In this study, separate outcome indicators were estimated at the individual and household levels.
Individual level outcome variables
The burden of cancer on individuals was assessed in terms of the health-care expenditure and utilization for inpatient and outpatient treatment of cancer.
The following variables were used to estimate expenditure: total inpatient OOPE; total outpatient OOPE; inpatient and outpatient OOPE at public and private health-care facilities; and components of inpatient and outpatient OOPE, such as expenditure on drugs, diagnostics and any non-medical expenditure incurred on transportation, food and lodging of patients during the period of utilization of health-care.
Health-care utilization for inpatient care was assessed in terms of the number of days of hospital stay for each episode of inpatient admission within a reference period of the preceding 365 days. Health-care utilization for outpatient care was assessed in terms of the number of per person visits to a health-care facility within a reference period of the preceding 15 days.
Household level outcome variables
At the household level, the burden of cancer was assessed in terms of the health-care expenditure, impact on the standard of living, strategies adopted for financing the health-care expenditure, and utilization and expenditure of health-care by other members of the family.

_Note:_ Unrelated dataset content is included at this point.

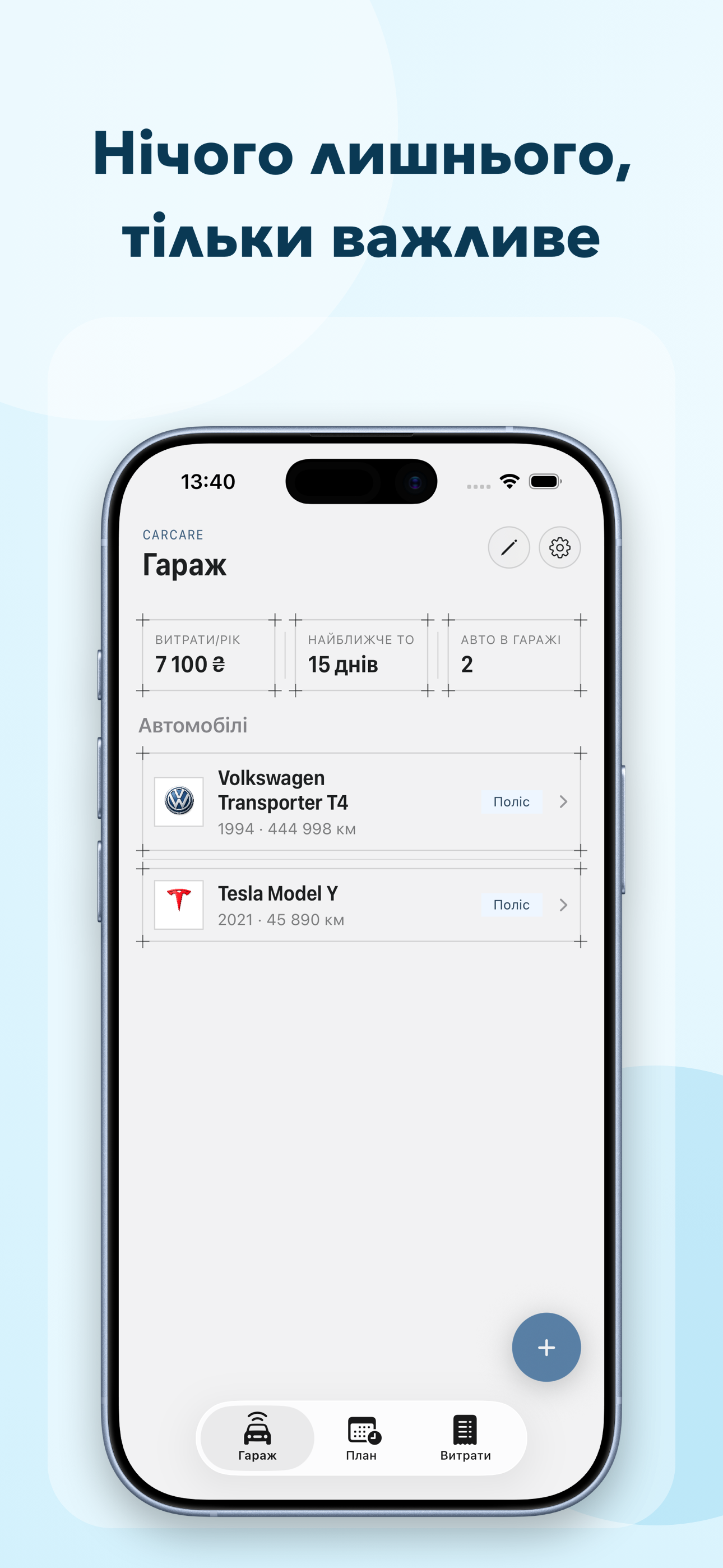 Car Care: Service Log screenshot 2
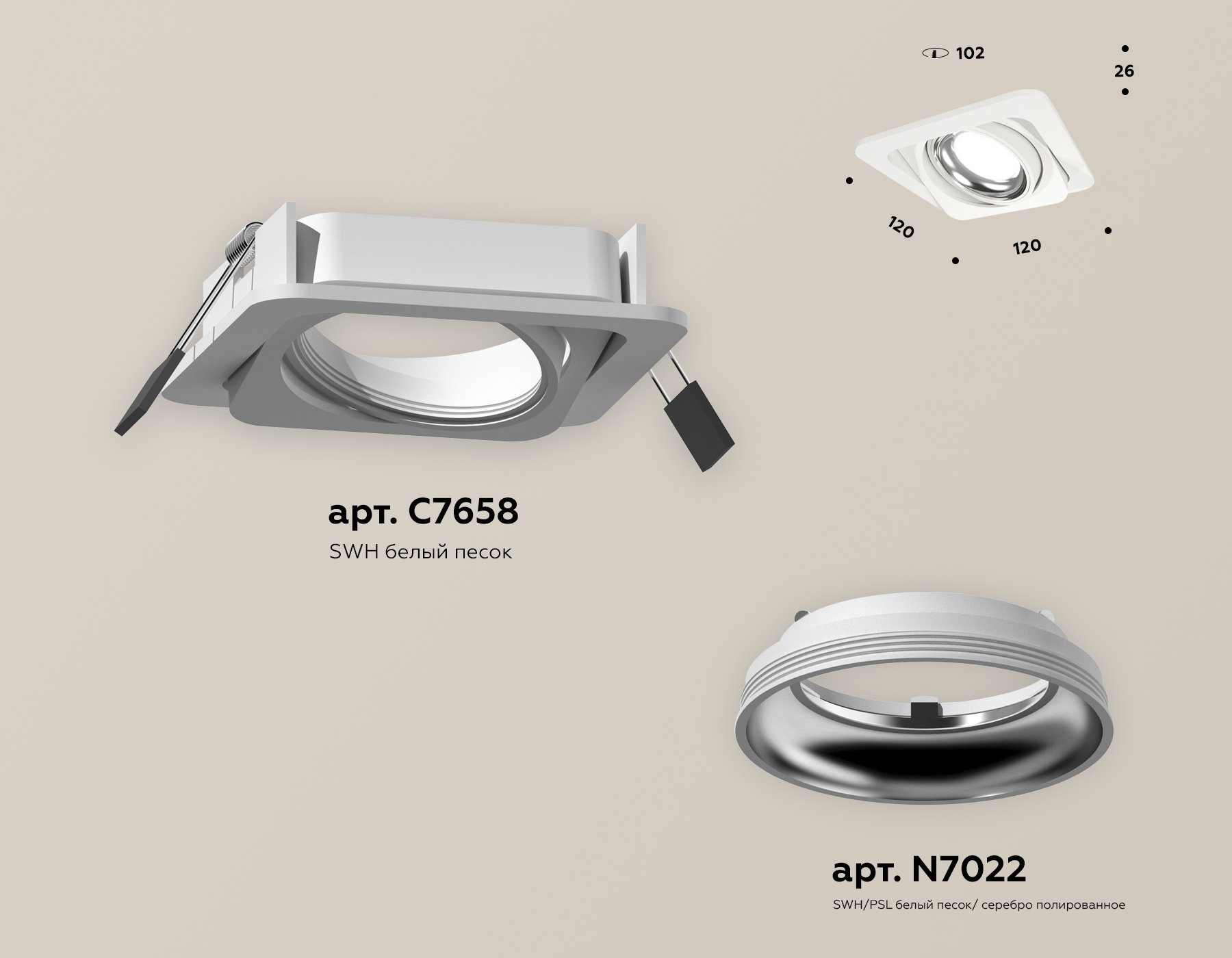 встраиваемый светильник ambrella light techno spot xc7658002 (c7658, n7022)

All these indicators were analyzed separately for inpatient and outpatient treatments. Accordingly, the variables used were OOPE per person, the share of OOPE in total household expenditure, loss in per person household income, proportion of households that had to borrow money or sell their assets such as land and livestock to finance the expenditure on health-care, per person OOPE on other chronic ailments and the number of per person outpatient visits.
OOPE was defined as the total money spent by an individual at the time of using health-care services without any prepayment support like an insurance or free health-care services.
Propensity score was defined as the predicted likelihood of belonging to the treatment group (persons reporting as suffering from cancer) or the control group (persons similar in observed characteristics to the treatment group but not reporting cancer), based on observed characteristics.
The differential burden of cancer was estimated by calculating the differences in the mean values of the outcome indicators between persons/households reporting cancer and those reporting other ailments in a matched group. The propensity score matching (PSM) method was used to create matched groups, separately for inpatient and outpatient cases at both the individual and household levels.
PSM can control for selection bias in estimating the impact of any event (in our case, the incidence of cancer) while using observational data (when data are not drawn from randomized control trials [RCTs]).
Matched groups of individuals and households were created by comparing the units reporting chronic ailments. Robustness check was done by creating a matched sample of persons/households reporting only those chronic ailments that involved high OOPE, such as hypertension, heart disease, diabetes, thyroid or other endocrine diseases, nutritional diseases such as obesity and undernutrition, joint or bone disease, and body aches.
Matched samples were created using the nearest neighbor method, with replacement within a caliper of 0.001 on common support. To estimate the propensity scores for matching, a separate logit regression was performed for all four of the following cases - (i) ailing individuals with outpatient care, (ii) ailing individuals with inpatient care, (iii) households with at least one member who sought outpatient care, and (iv) households with at least one member who sought inpatient care. The dependent variable for each of these regressions was whether an individual or a household had at least one episode of cancer. All the individuals who were currently living or deceased in the last 1 year were included in the analysis. The matching variables used were: gender, age and age-squared, dummy for place of residence (rural/urban), quintiles of living standard measure (i.e., total household consumption expenditure which is a proxy for household income as per the survey data), state of residence (grouped into five geographical regions), caste (three groups) and religion (three groups) of respondents, logarithmic values of household size, access of households to safe drinking water, whether the households had a toilet at home, arrangement for garbage disposal by the municipal corporation, and use of safe cooking energy. Summary statistics of these indicators are given in [Supplementary Table S1].
A formal sample size calculation was not required to be performed this study, as it used data from a nationally representative household survey. Estimates were obtained for all the individuals with chronic ailments who sought outpatient or inpatient care. The list of health conditions and per episode OOPE for each of the health conditions included in the two comparison groups is presented in [Supplementary Table S2]. The number of individuals and households before and after PSM are shown in [Table 1]. The individuals and households that did not match were excluded from the analysis. The statistical analyses were performed in StataCorp. 2015 (Stata Statistical Software: Release 14. College Station, Texas, USA).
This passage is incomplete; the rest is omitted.